● ASSIGNMENT:
From the data that follows, set down exactly the lines from the one with "Mini Oval Button" through the one with "Monami White Board", counting both. Pictures stay out.

● Records from a dataset:
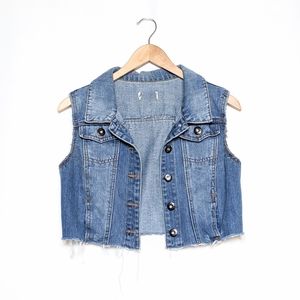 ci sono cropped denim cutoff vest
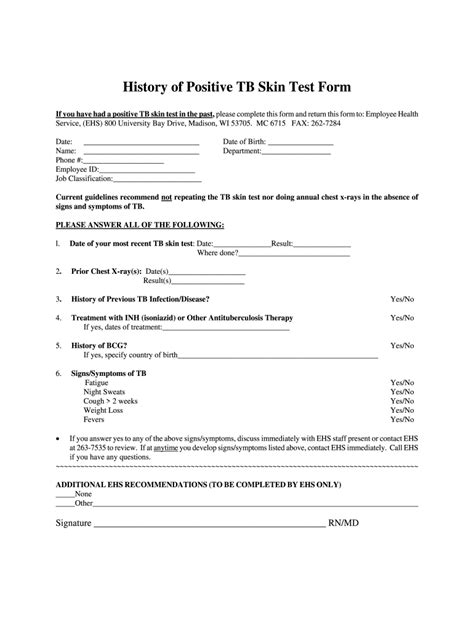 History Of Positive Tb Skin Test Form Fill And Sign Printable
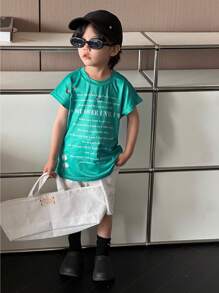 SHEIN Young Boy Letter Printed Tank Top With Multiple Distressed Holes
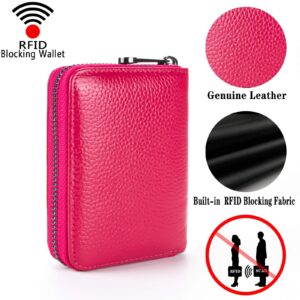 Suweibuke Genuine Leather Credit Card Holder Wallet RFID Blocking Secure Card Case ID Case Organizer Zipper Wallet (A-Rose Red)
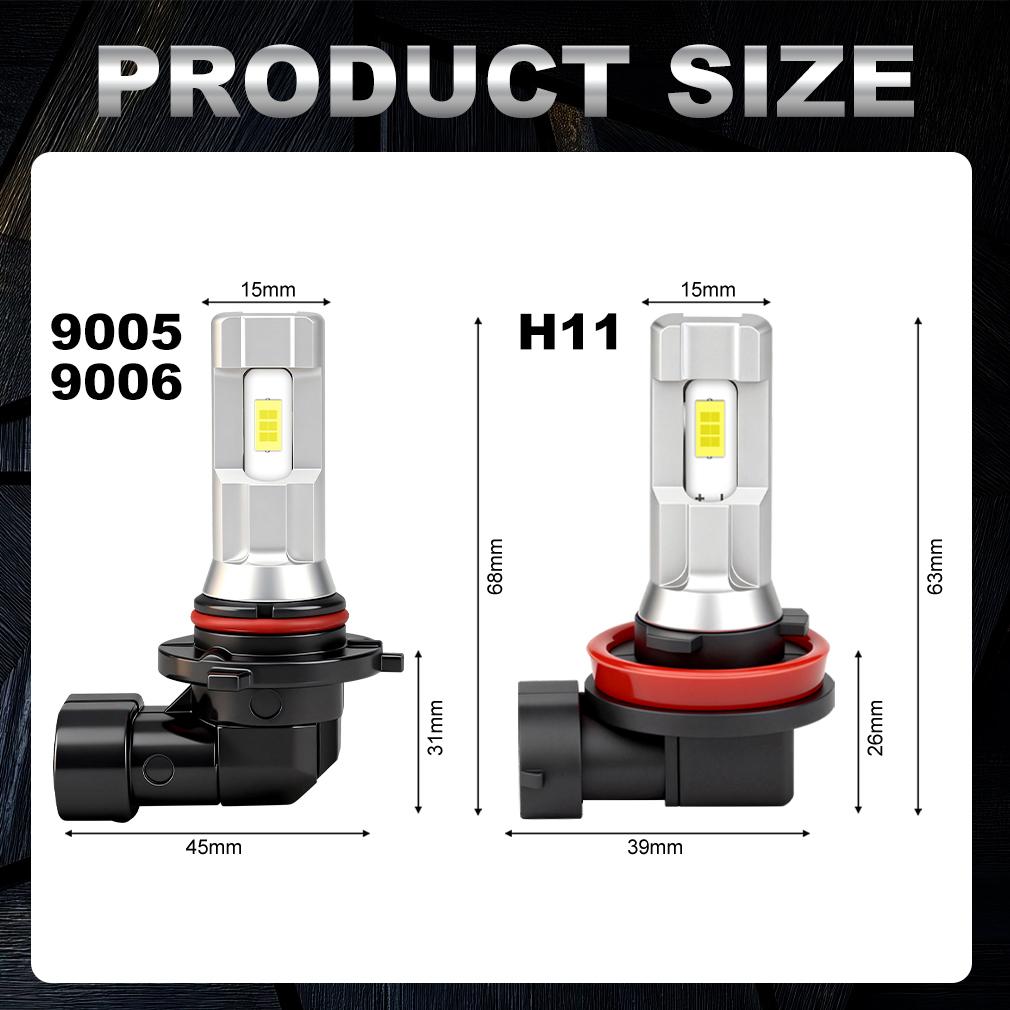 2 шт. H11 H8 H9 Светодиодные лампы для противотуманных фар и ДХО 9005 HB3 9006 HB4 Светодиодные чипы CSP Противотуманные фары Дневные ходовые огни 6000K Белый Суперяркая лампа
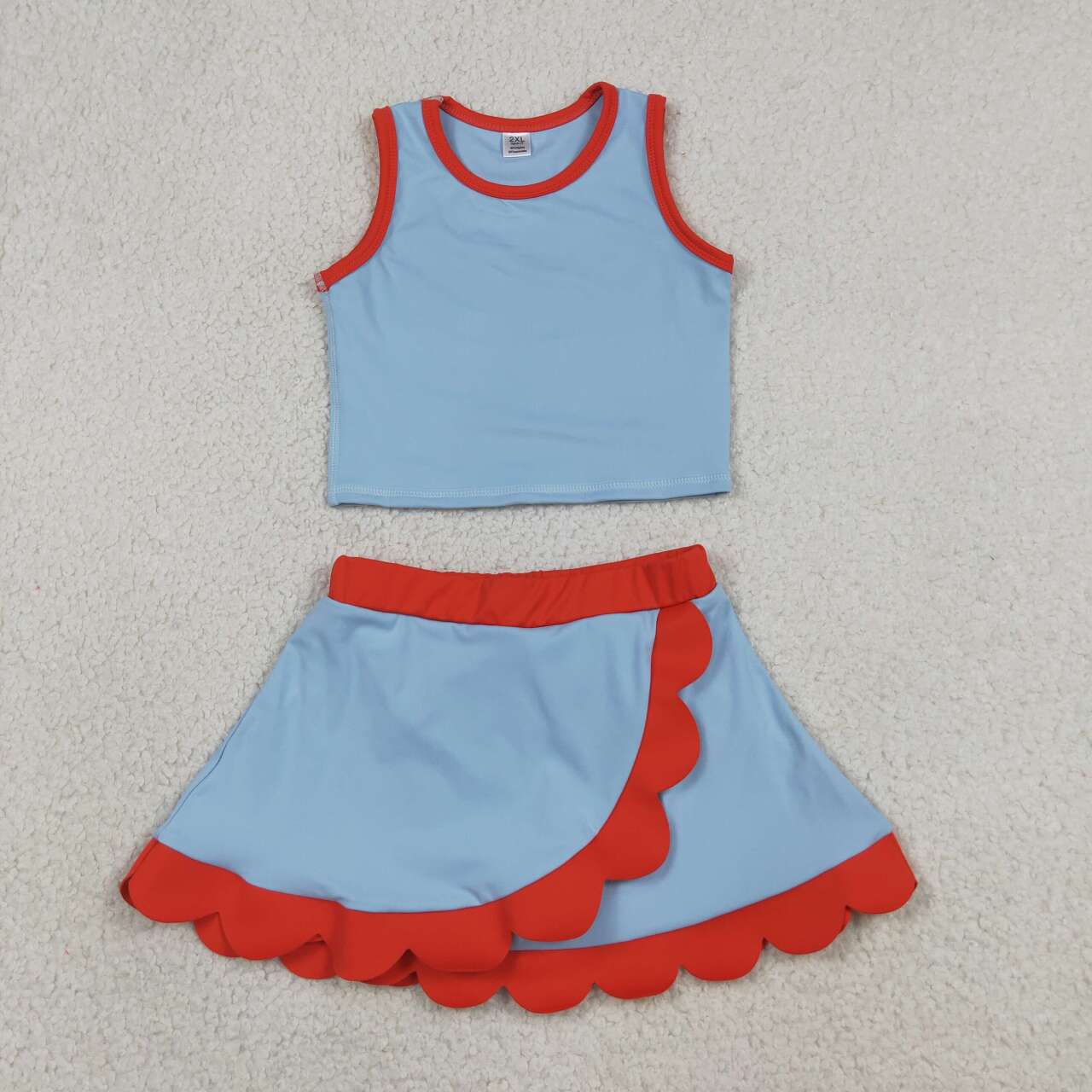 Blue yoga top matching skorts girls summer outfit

* * *

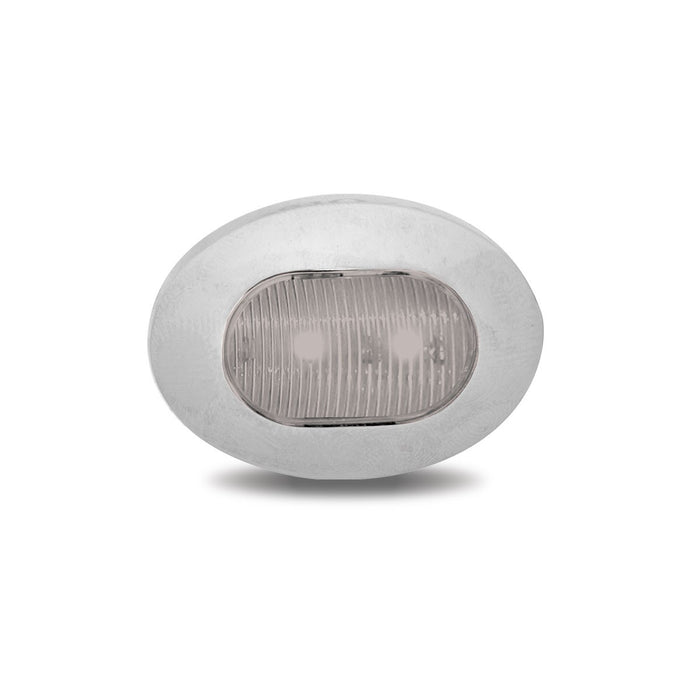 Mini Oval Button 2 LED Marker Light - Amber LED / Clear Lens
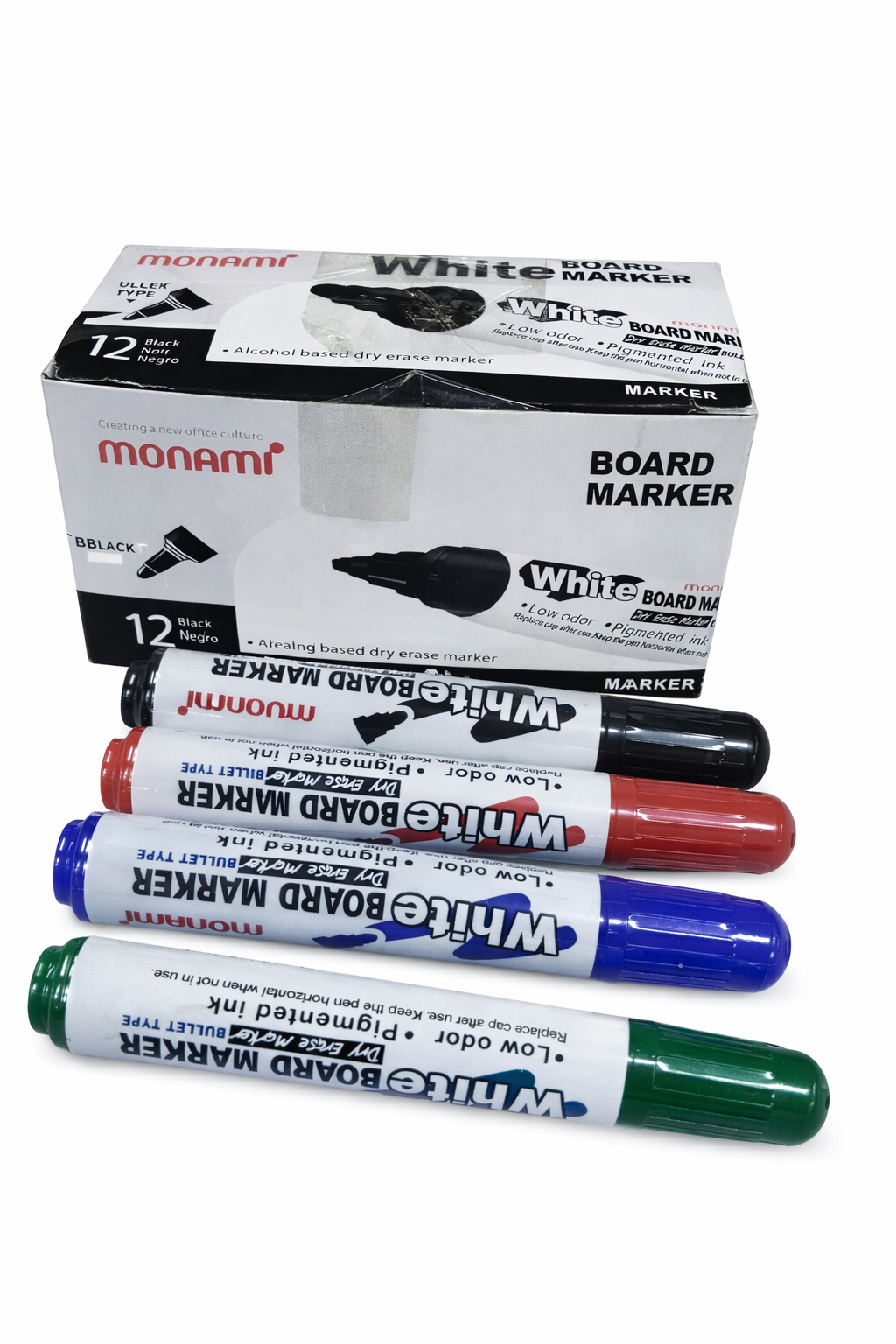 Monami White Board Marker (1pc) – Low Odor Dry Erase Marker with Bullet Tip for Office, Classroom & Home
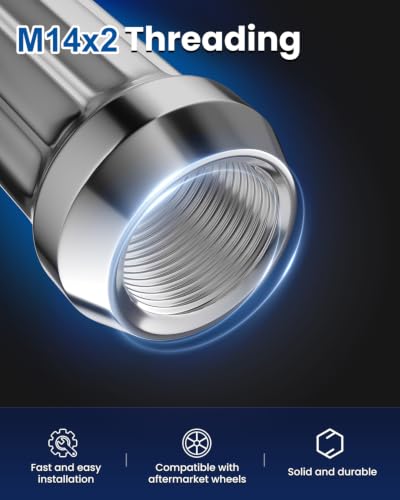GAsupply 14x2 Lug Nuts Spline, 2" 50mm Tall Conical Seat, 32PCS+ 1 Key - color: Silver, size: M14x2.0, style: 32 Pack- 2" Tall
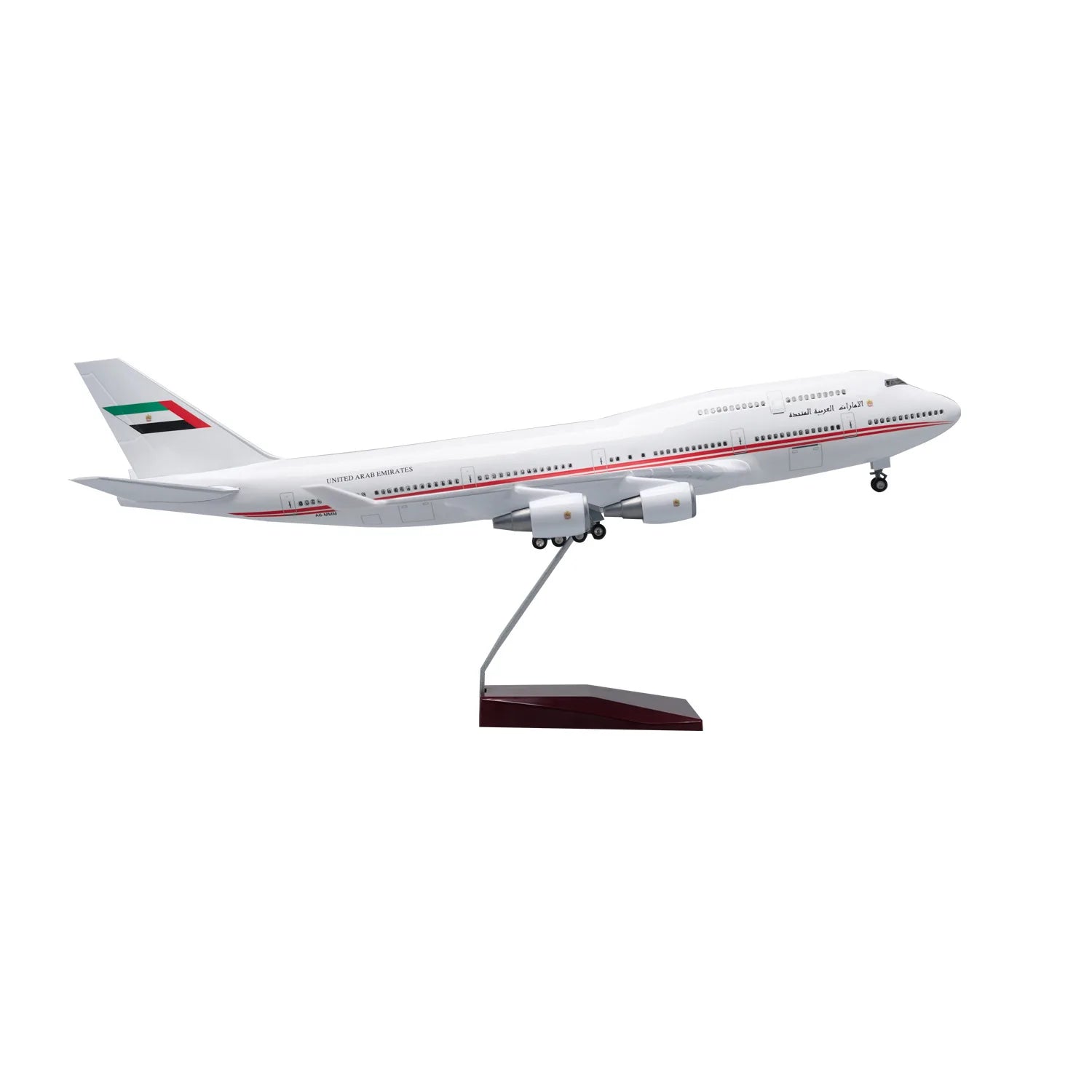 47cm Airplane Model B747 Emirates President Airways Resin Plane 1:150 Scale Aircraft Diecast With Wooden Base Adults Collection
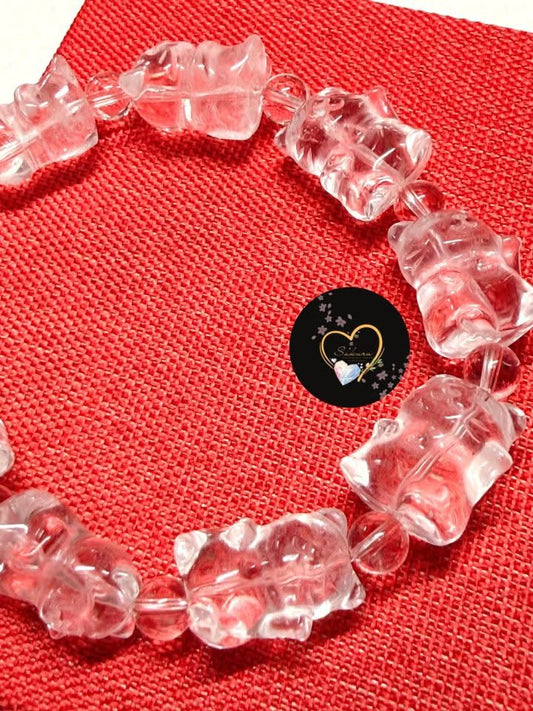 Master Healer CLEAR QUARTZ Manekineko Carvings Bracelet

● THE ANSWER:
 Mini Oval Button 2 LED Marker Light - Amber LED / Clear Lens
 Monami White Board Marker (1pc) – Low Odor Dry Erase Marker with Bullet Tip for Office, Classroom & Home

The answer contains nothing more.